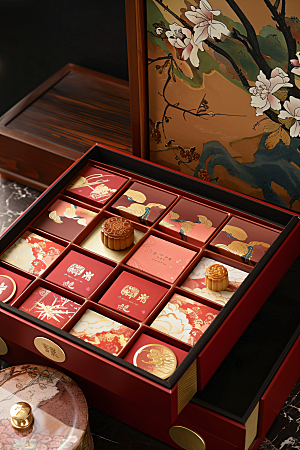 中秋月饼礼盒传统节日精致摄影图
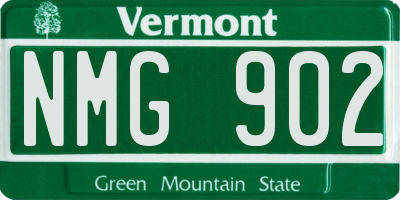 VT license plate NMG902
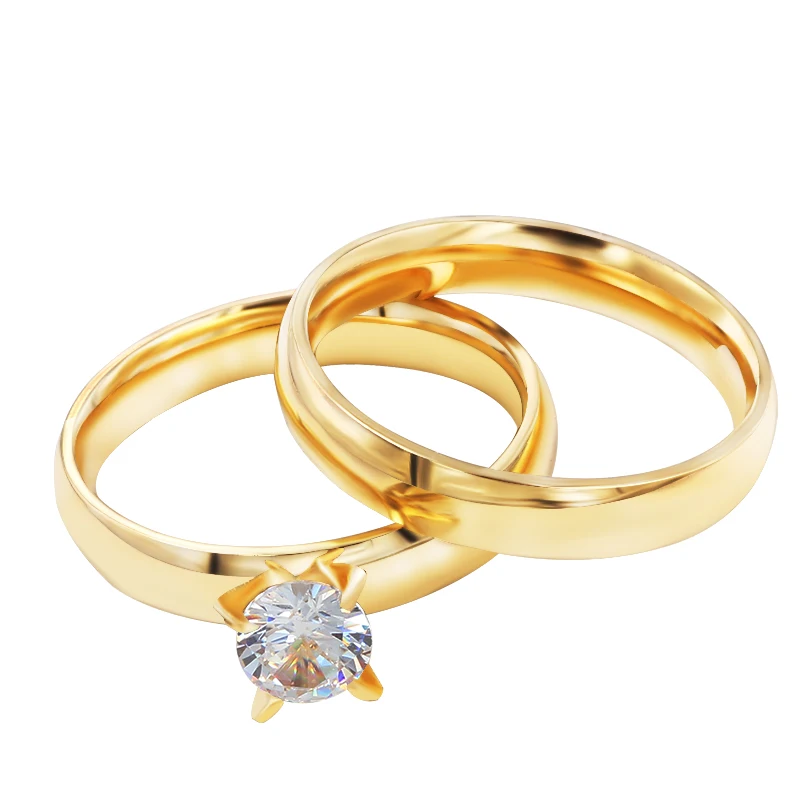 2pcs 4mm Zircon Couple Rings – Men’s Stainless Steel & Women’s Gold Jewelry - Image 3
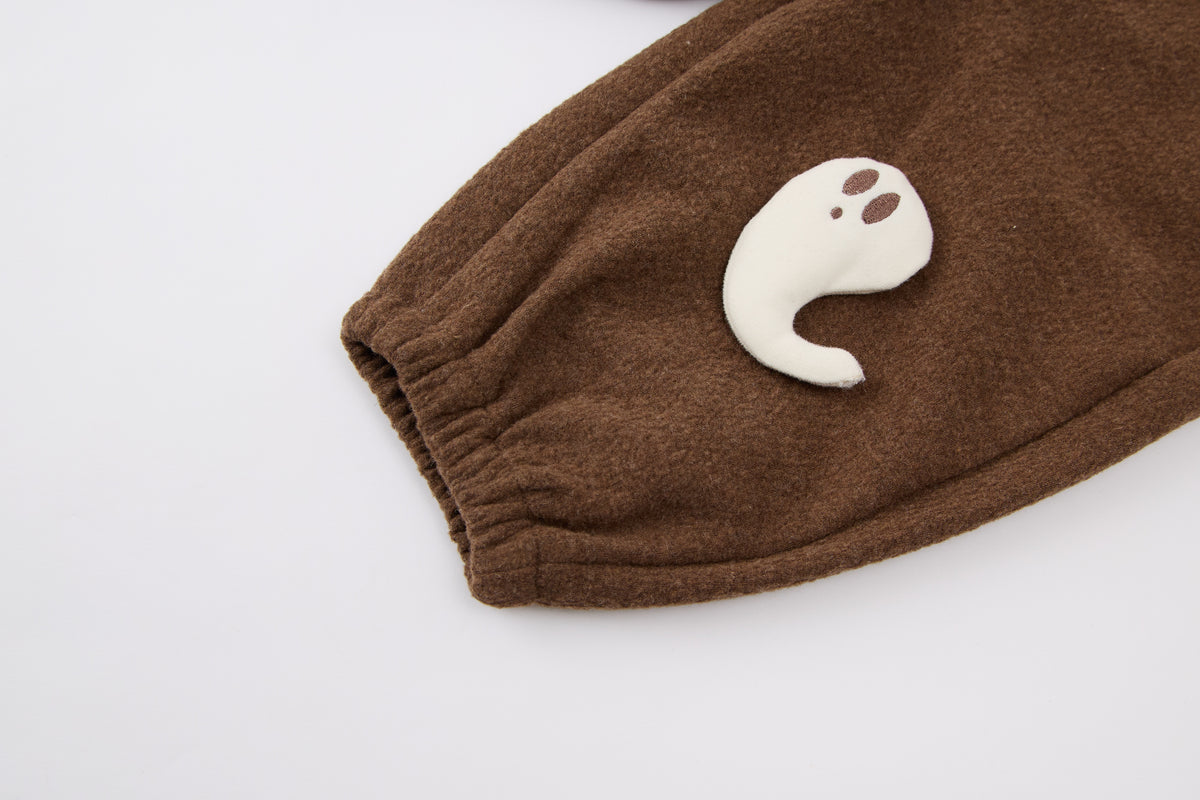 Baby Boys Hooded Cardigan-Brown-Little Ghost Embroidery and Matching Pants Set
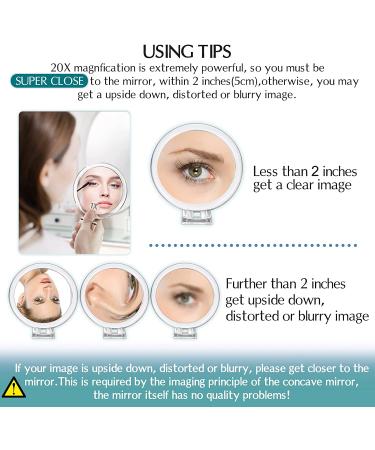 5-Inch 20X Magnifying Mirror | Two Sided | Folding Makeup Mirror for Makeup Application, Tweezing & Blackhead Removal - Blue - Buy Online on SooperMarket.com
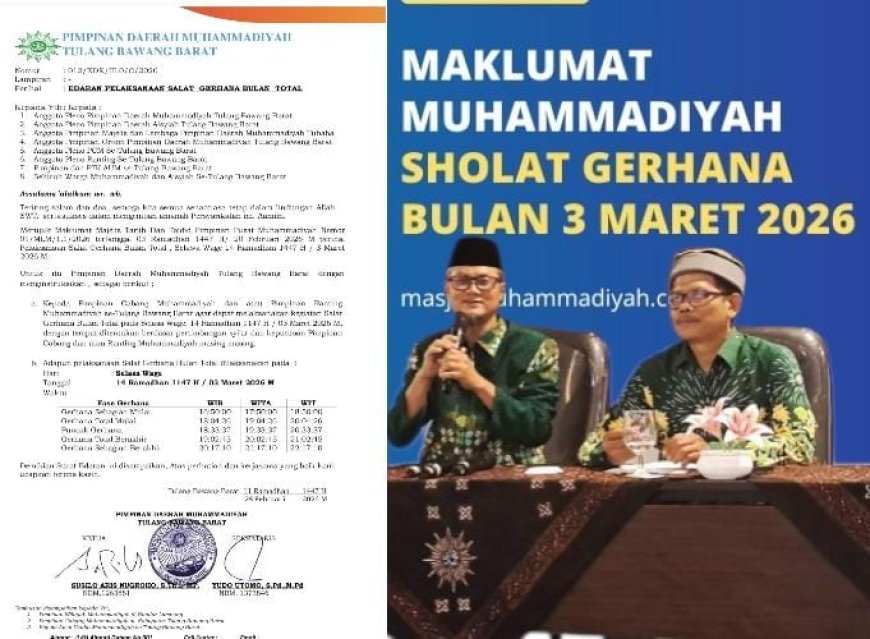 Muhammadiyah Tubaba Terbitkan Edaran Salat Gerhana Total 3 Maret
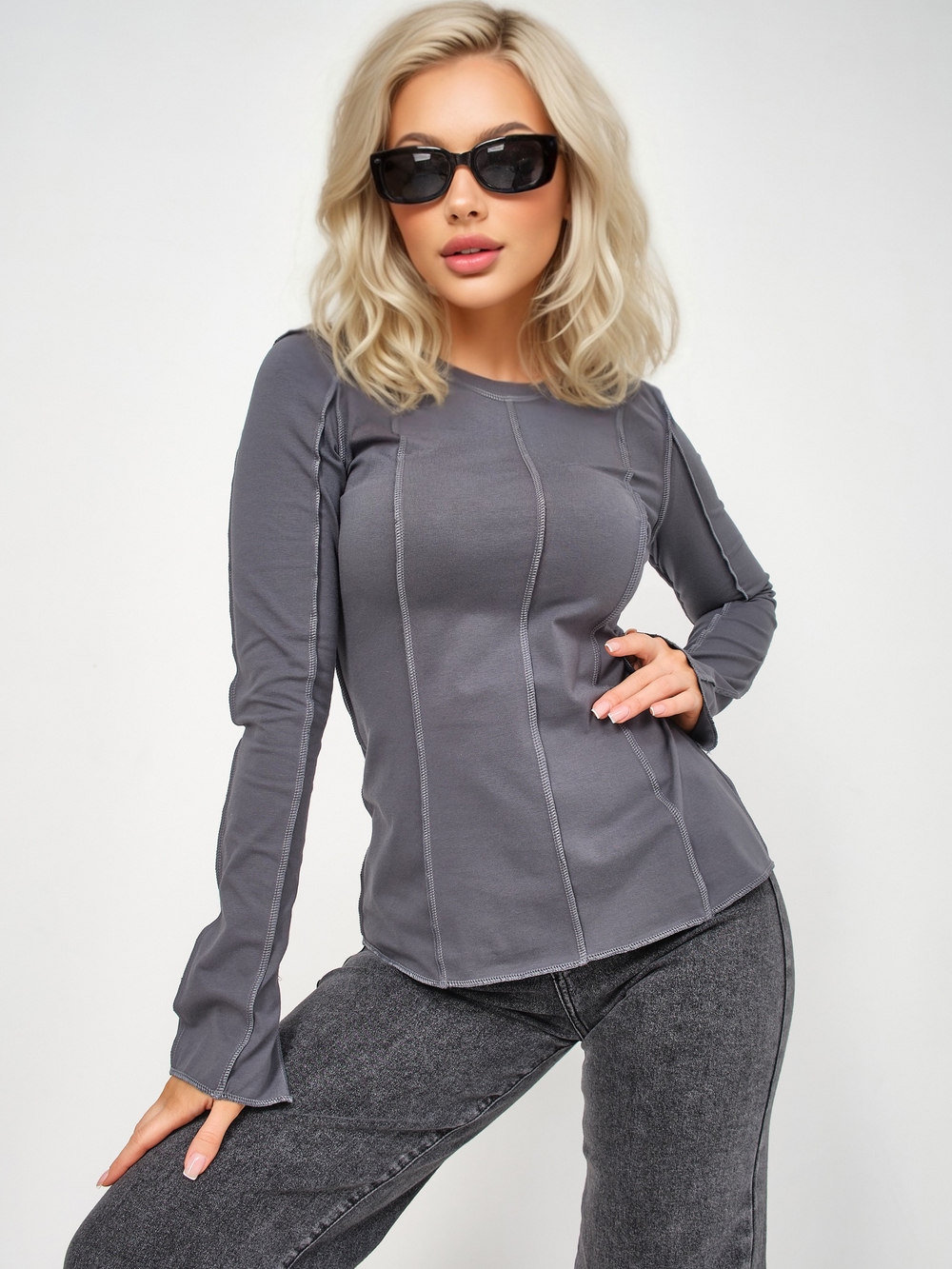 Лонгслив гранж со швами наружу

...

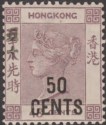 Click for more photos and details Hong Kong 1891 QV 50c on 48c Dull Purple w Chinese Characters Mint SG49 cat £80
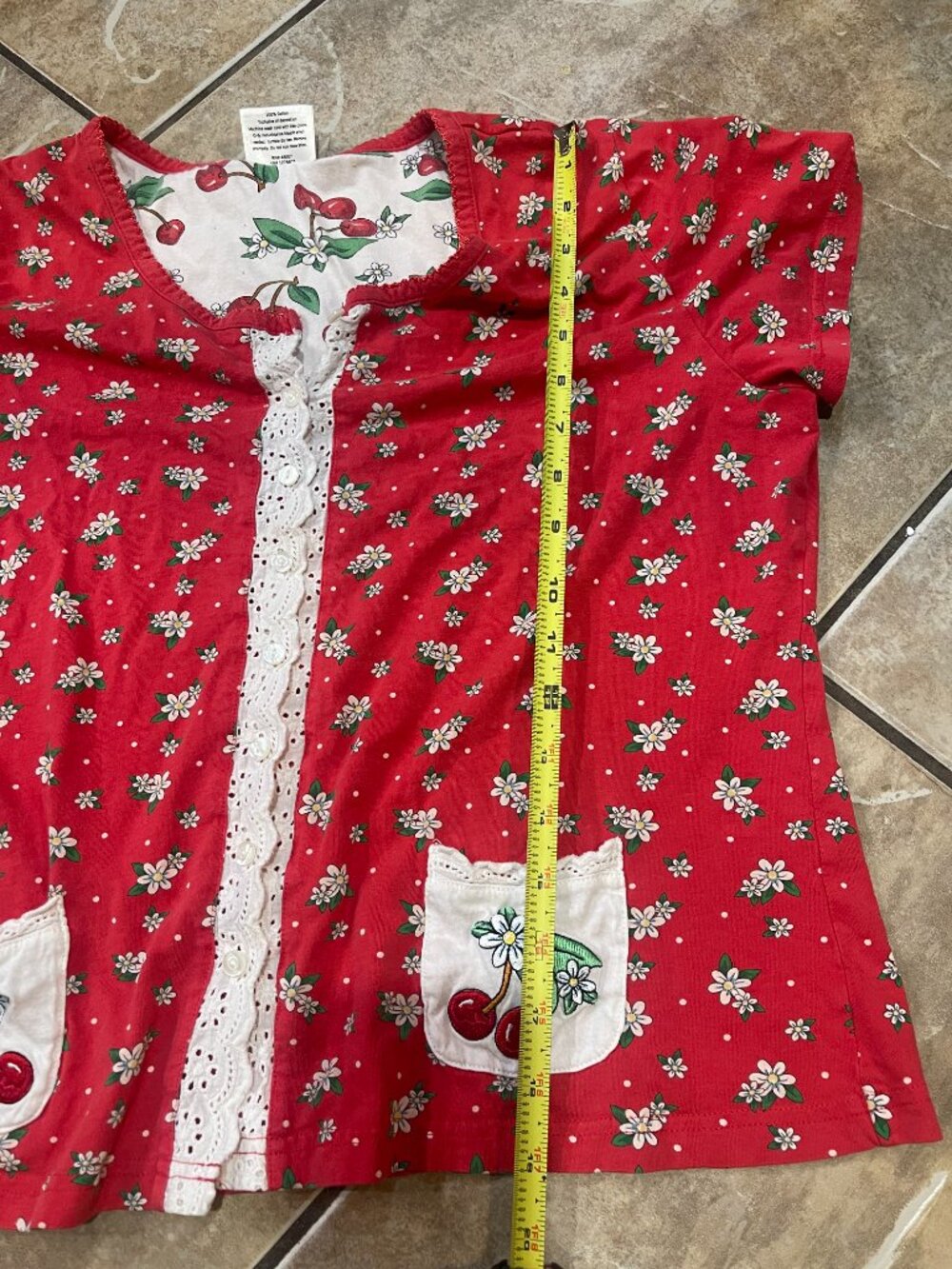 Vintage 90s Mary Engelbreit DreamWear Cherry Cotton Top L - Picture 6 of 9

- **WORK ORDER**
Exactly reproduce the lines above, starting at the one that contains "2pcs 4mm Zircon" and ending at the one that contains "Лонгслив гранж со швами наружу", both inclusive; leave the pictures out and add no other lines.

- **EXERCISE RESPONSE**
 2pcs 4mm Zircon Couple Rings – Men’s Stainless Steel & Women’s Gold Jewelry - Image 3
 Baby Boys Hooded Cardigan-Brown-Little Ghost Embroidery and Matching Pants Set
 5-Inch 20X Magnifying Mirror | Two Sided | Folding Makeup Mirror for Makeup Application, Tweezing & Blackhead Removal - Blue - Buy Online on SooperMarket.com
 Muhammadiyah Tubaba Terbitkan Edaran Salat Gerhana Total 3 Maret
 Лонгслив гранж со швами наружу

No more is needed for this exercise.